A word on deploying enable_soft_offline sysctl
On mission critical server systems, it is probably not wise to disable soft-offline without diligently monitoring the memory CEs. In the case where there are many and frequent CEs, the accumulated cost of system resources consumed and the latency incurred to serve the interrupts might outweigh the overhead of soft-offlining the CE infected page.
Runtime CE events can be monitored with mcelog. Overall CE events, such as across multiple reboot, can be viewed from the ILOM.
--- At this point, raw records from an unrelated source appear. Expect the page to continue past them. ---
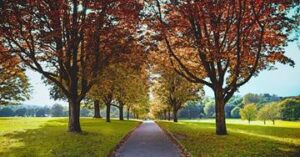 a photo of a road with fall foilage trees - Best Fall Destinations For a 3-week Trip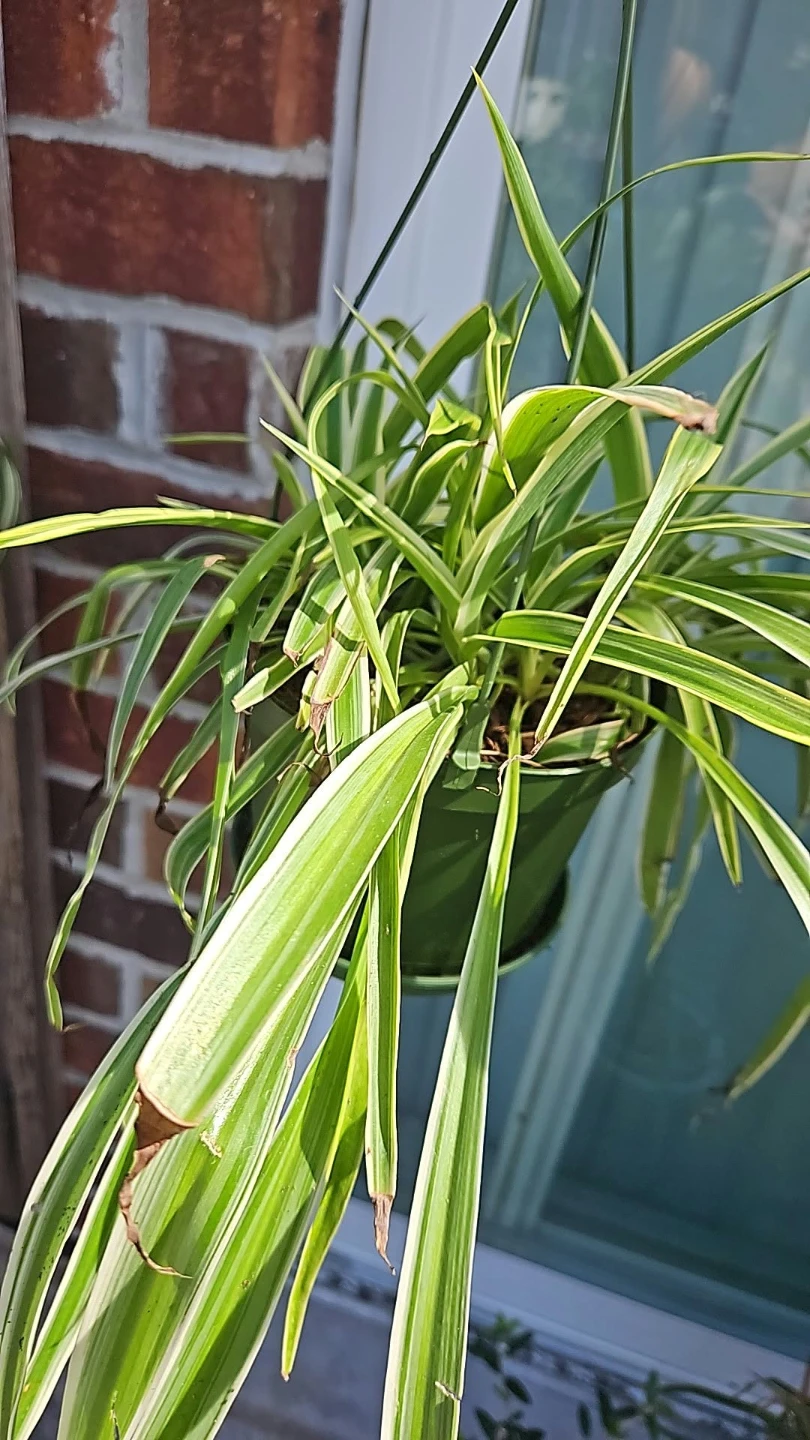 Variegated spider plant in hanging pot🏈 - photo 2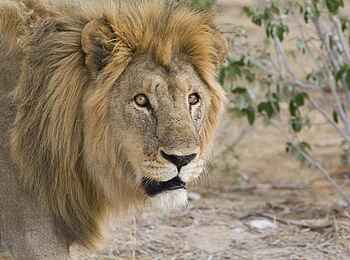 Etosha: Der König der Löwen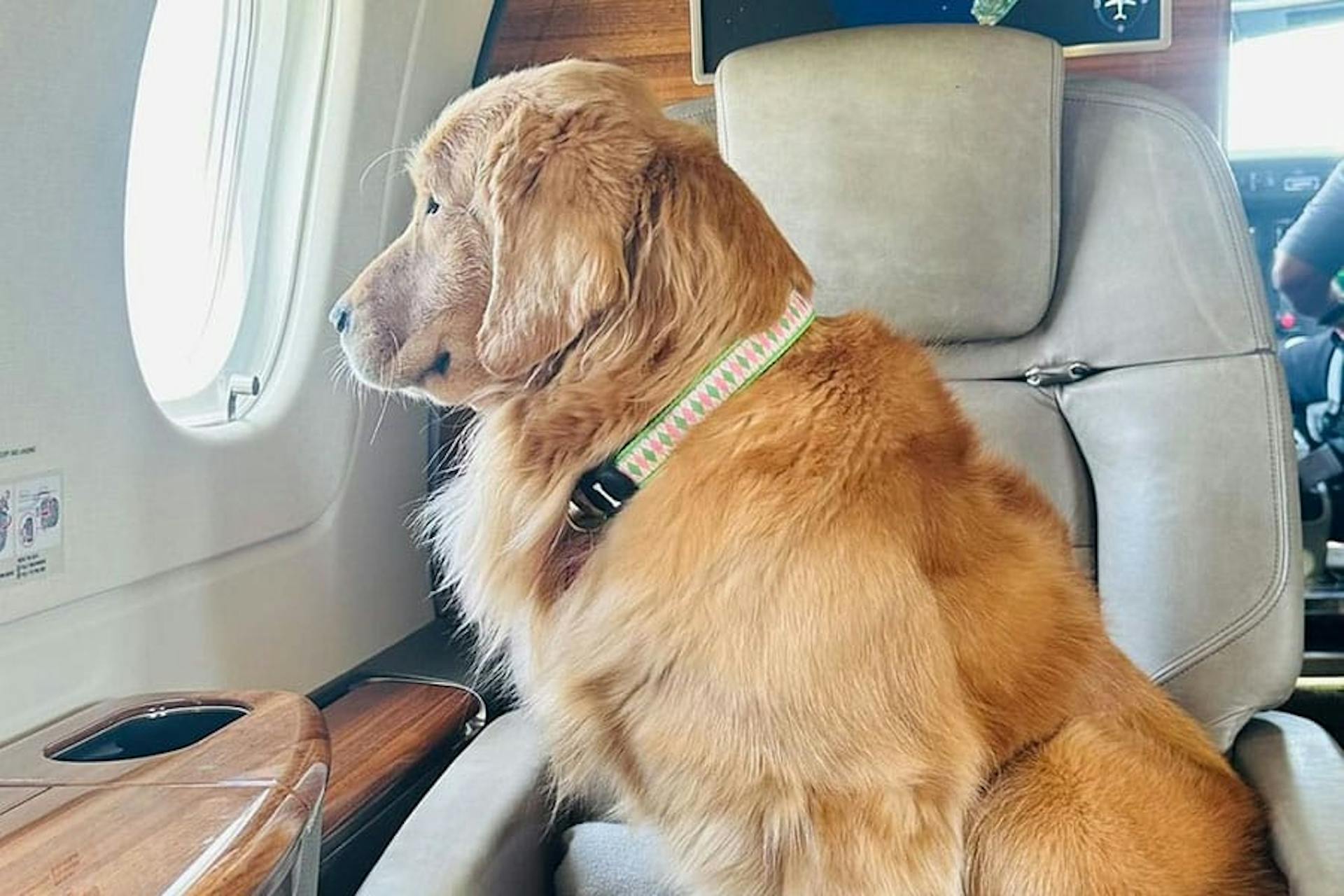 Flexjet Pets and Jets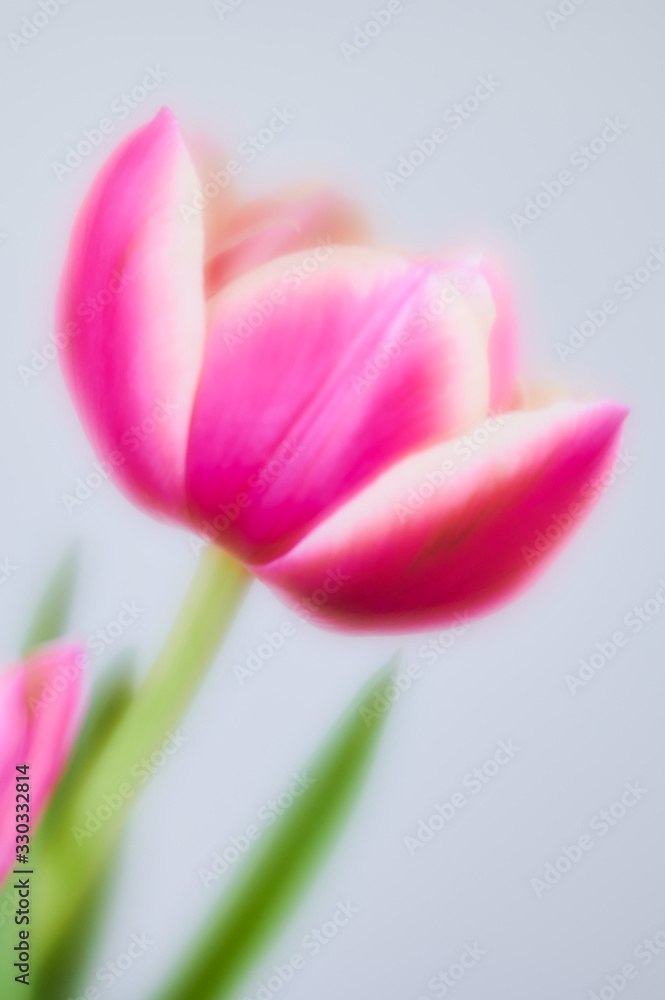 blurry art style of a pink double tulip against white background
For example, on a production level X9-2, there happens to be memory CEs concentrated on the same socket/dimm/rank/bank
# fmdump -e -c ereport.cpu.intel.mem_ce
TIMESTAMP EREPORT
2024-11-09/20:44:40 ereport.cpu.intel.mem_ce@/SYS/MB/P1/D2/R1
[.. all of them on /SYS/MB/P1/D2/R1 ..]
2025-02-24/18:08:18 ereport.cpu.intel.mem_ce@/SYS/MB/P1/D2/R1
# fmdump -e -c ereport.cpu.intel.mem_ce | grep "/SYS/MB/P1/D2/R1" | wc -l
86
# fmdump -e -c ereport.cpu.intel.mem_ce -V | egrep 'bank number | IA32_MCi_ADDR'
bank number = 0x1e
IA32_MCi_ADDR = 0x4063e31780
bank number = 0x1e
IA32_MCi_ADDR = 0x4063e1d480
bank number = 0x1e
IA32_MCi_ADDR = 0x4063e35e00
bank number = 0x1e
IA32_MCi_ADDR = 0x4063e35e00
bank number = 0x1e
IA32_MCi_ADDR = 0x4063e31780
[.. all of them on the same bank_number ..]
That said, it might be worth while to turn off the Linux kernel’s soft-offline capability until a time sensitive task completes.